Verifying Services Availability
You need to make sure your critical SQL Server services are available. One of the first tasks you should perform in the morning when arriving at work is to determine if all your SQL Server services are up and running. It is better to be proactive, then reactive. There is nothing worse than having a customer call you and tell you one of the services you support is not running.

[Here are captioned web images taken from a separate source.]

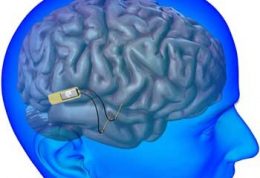 بازگرداندن حافظه با یک ایمپلنت مغزی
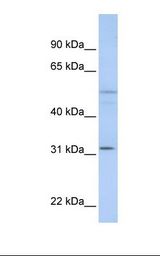 ZFYVE19 Antibody - MCF7 cell lysate. Antibody concentration: 1.0 ug/ml. Gel concentration: 12%.  This image was taken for the unconjugated form of this product. Other forms have not been tested.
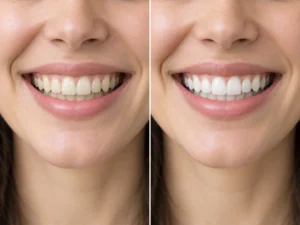 Clareamento dental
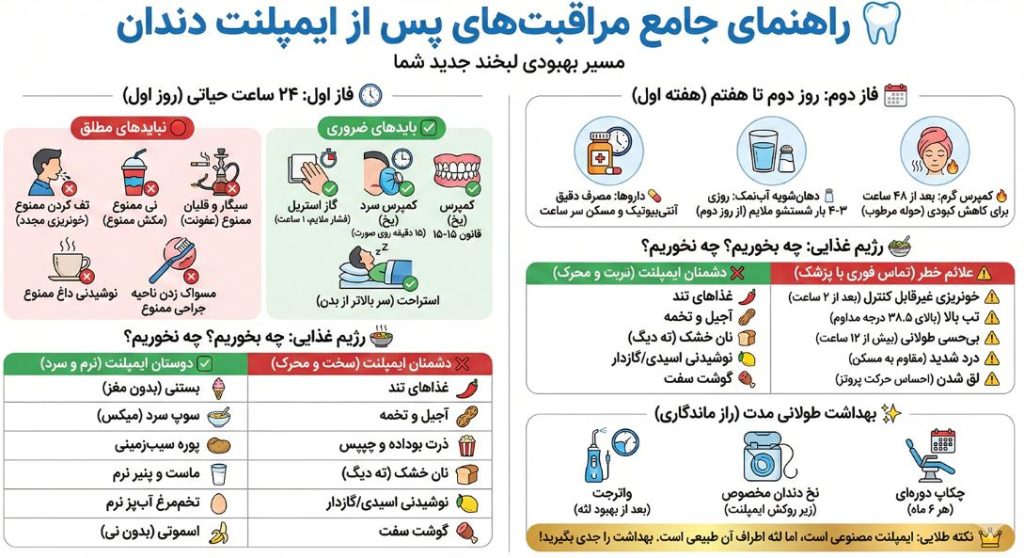 ایمپلنت دندان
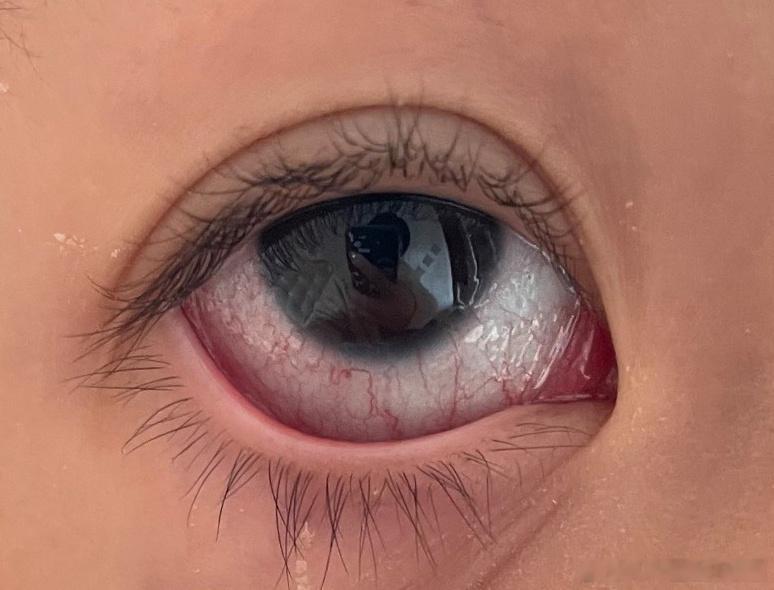 发烧、眼睛红，红是这样式儿的，要注意腺病毒感染的可能哦～#医笔医话##儿童常见病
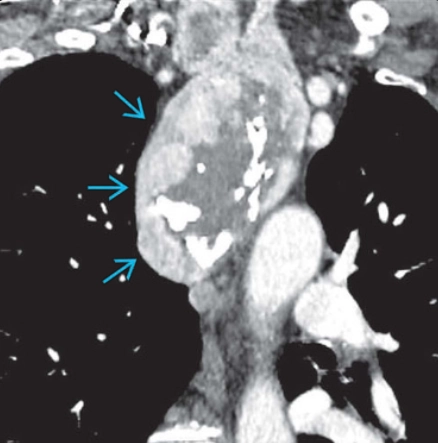 Dấu hiệu cổ-ngực (Cervicothoracic Sign)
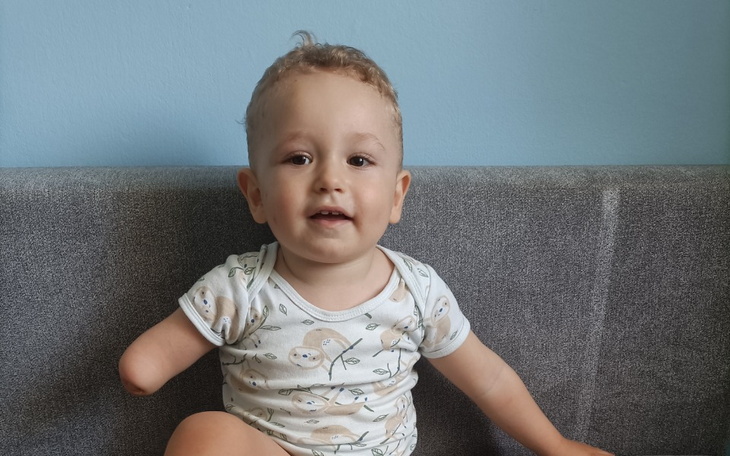 Zbiórka Zbiórka na protezę kosmetyczną - zdjęcie główne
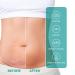 2Pcs Scar Remove Advanced Spray - Remove Dark Acne, Surgical Scars & Stretch Marks - Buy Online on GoSupps.com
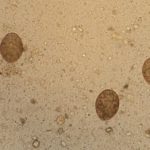 микроскопическое исследование кала на яйца и личинки гельминтов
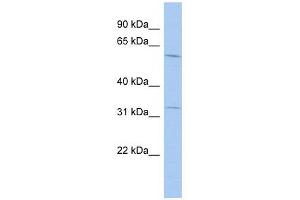 anti-FLJ20628 (N-Term) antibody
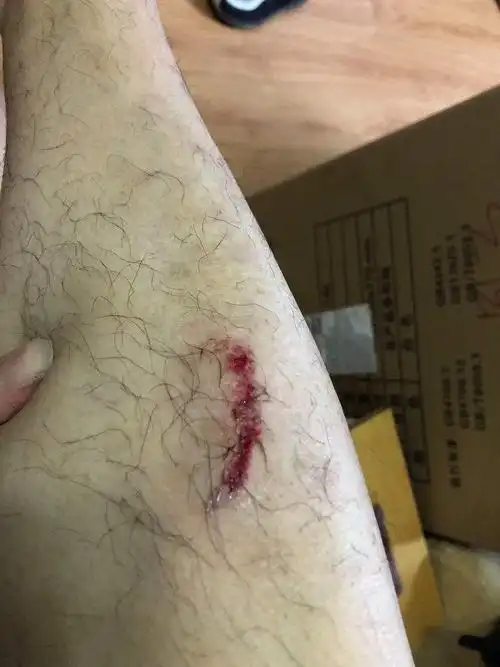 今天骑车,摔了一下,腿摔伤了破皮了,怎么样才能好的快 并且里面还有灰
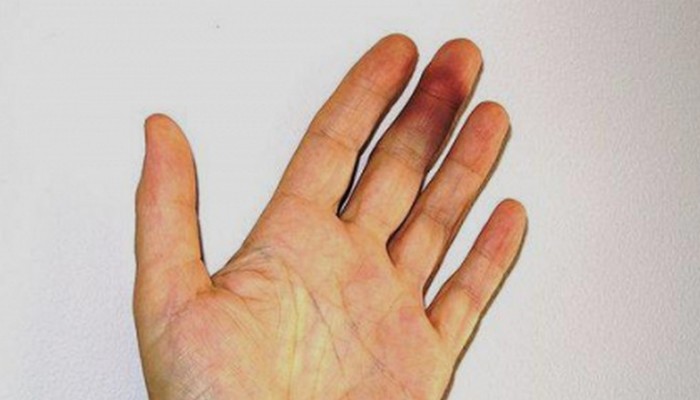 Какво да правим с нараняване на пръстите?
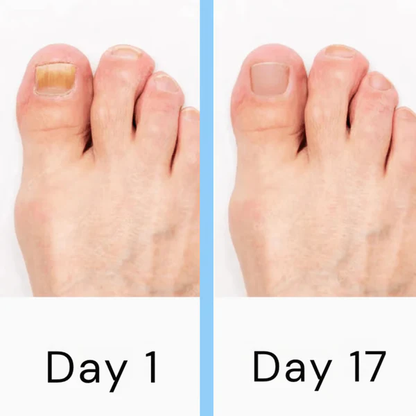 Easy Home Nail Fungus Laser Treatment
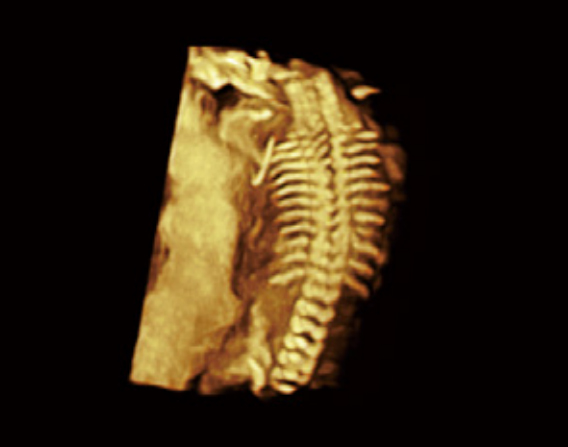 胎儿脊柱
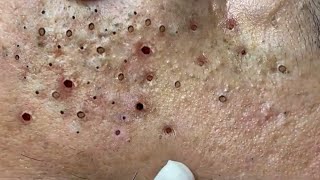 Fatty Acne and Blackheads at Sac Dep Spa [upl. by Seta563]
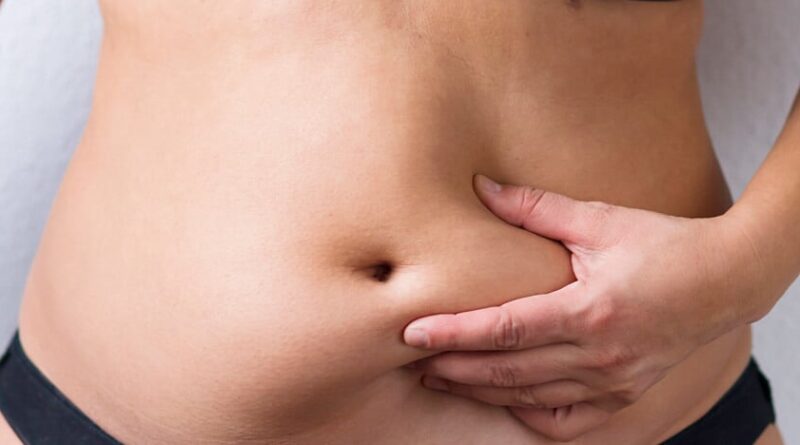 5 Tips to Recover from A Tummy Tuck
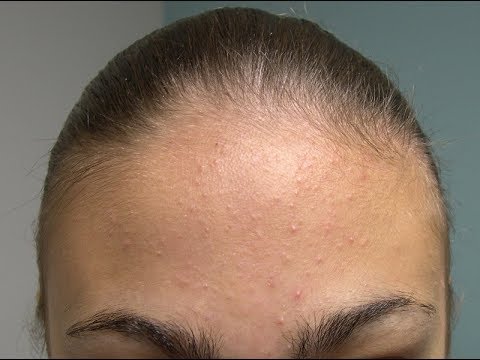 ĐIỀU TRỊ MỤN ẨN: NGỪA THÂM SAU KHI LẤY NHÂN MỤN
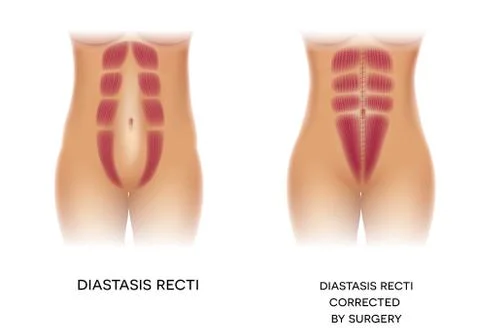 Diastasis Recti or abdominal separation repair Stock Illustration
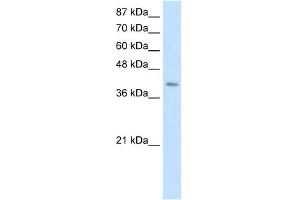 WB Suggested Anti-ERAL1 Antibody Titration:  0. (ERAL1 anticorps  (C-Term))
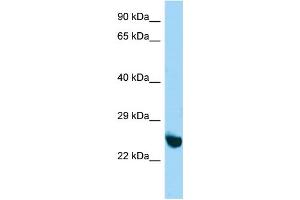 Host:  Rabbit  Target Name:  Unkl  Sample Type:  Mouse Stomach lysates  Antibody Dilution:  1. (UNKL anticorps  (N-Term))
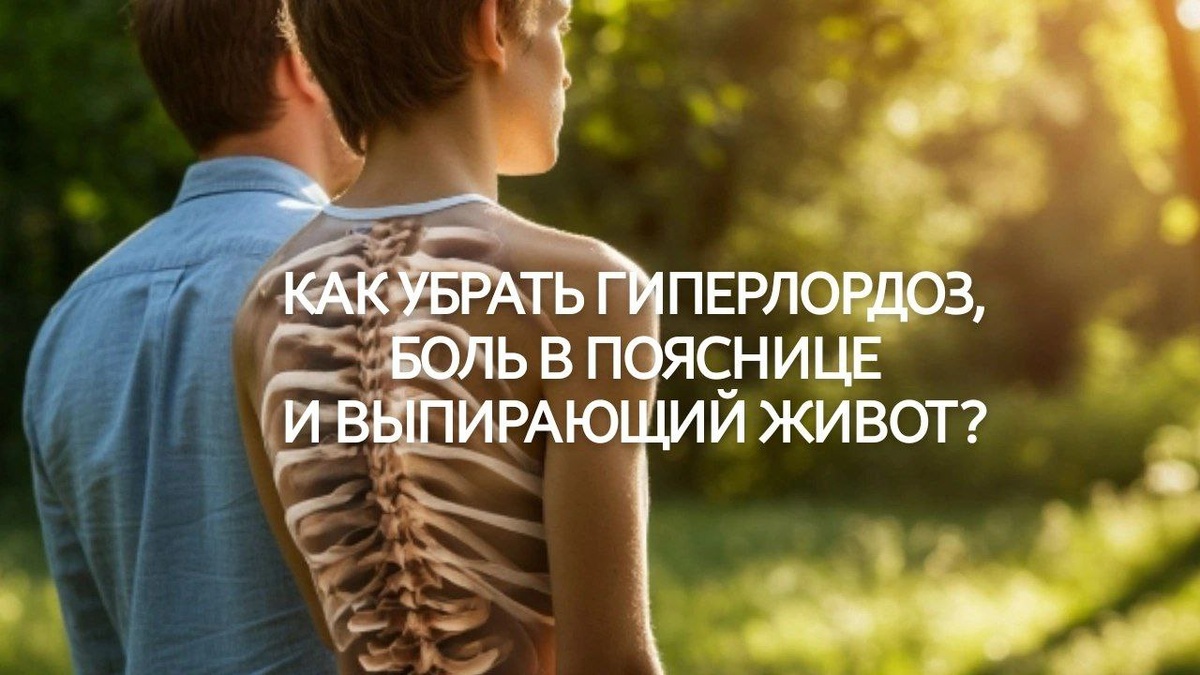 Как убрать гиперлордоз, боль в пояснице и выпирающий живот?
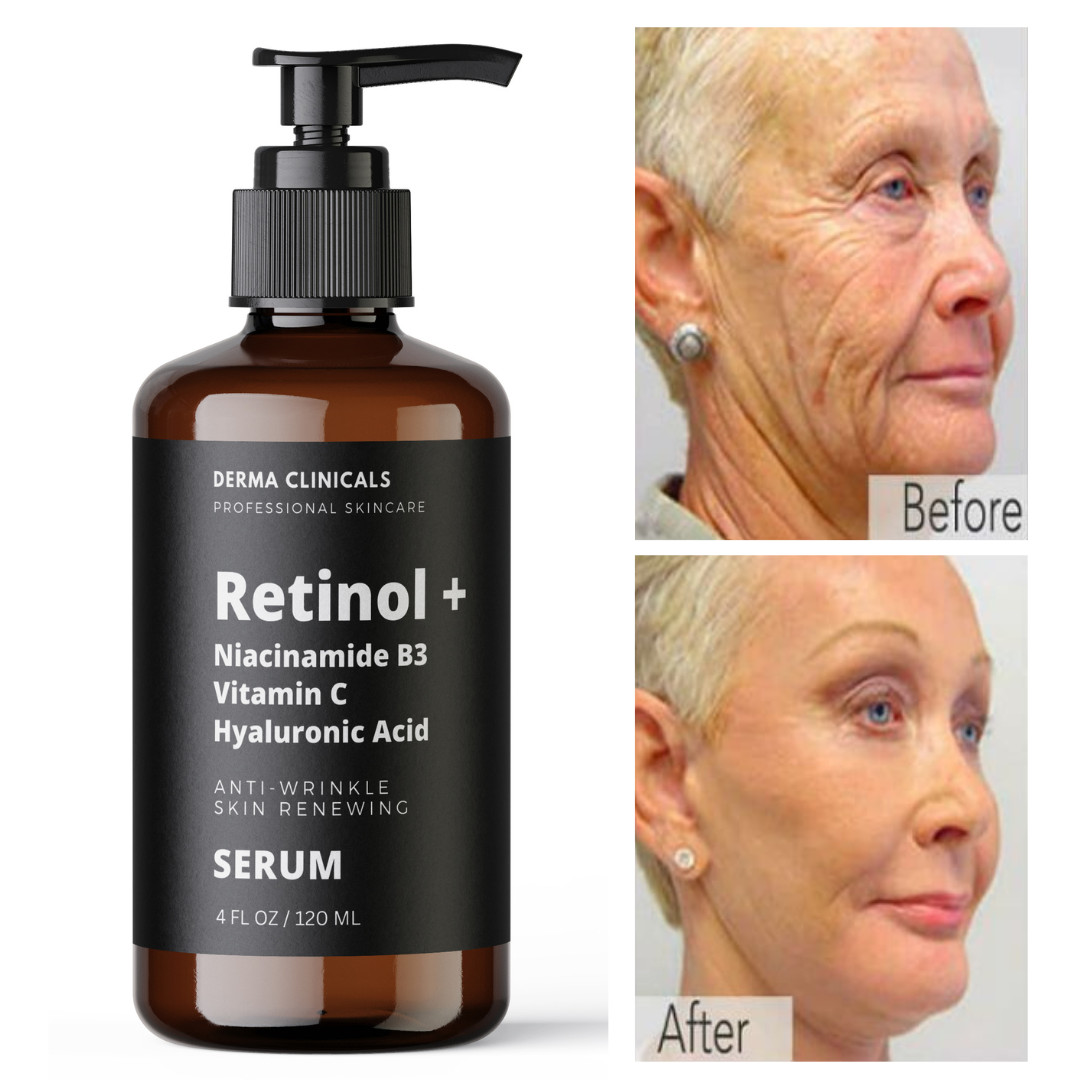 Retinol, Niacinamide, Vitamin C, Hyaluronic Acid, AntiAging Wrinkle SERUM – 4oz
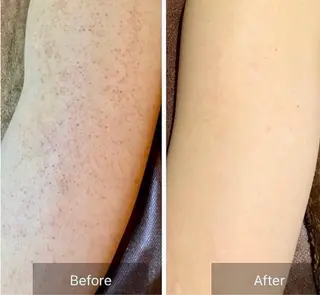 エミルカ　自由が丘店所属・ニキビ改善ハーブ🌿 ハナシマのその他イメージ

Ideally I would implement a monitoring tool that will automatically email you when one of your critical services is not working. This way as soon as a server becomes unavailable you can react to bring it back up. You could build a homegrown tool to do this or purchase an off the shelf product to perform your monitoring. If you don’t have an automated tool you could use the Registered Servers tool inside of SQL Server Management Studio to send a single T-SQL statement to all your servers. Verifying that each of your SQL Server instances are working and responding to simple T-SQL statement allows you to rest easy knowing each instance is responding as expected. By monitoring your instances you might eliminate most of those awkward calls asking whether or not a particular server is up and running.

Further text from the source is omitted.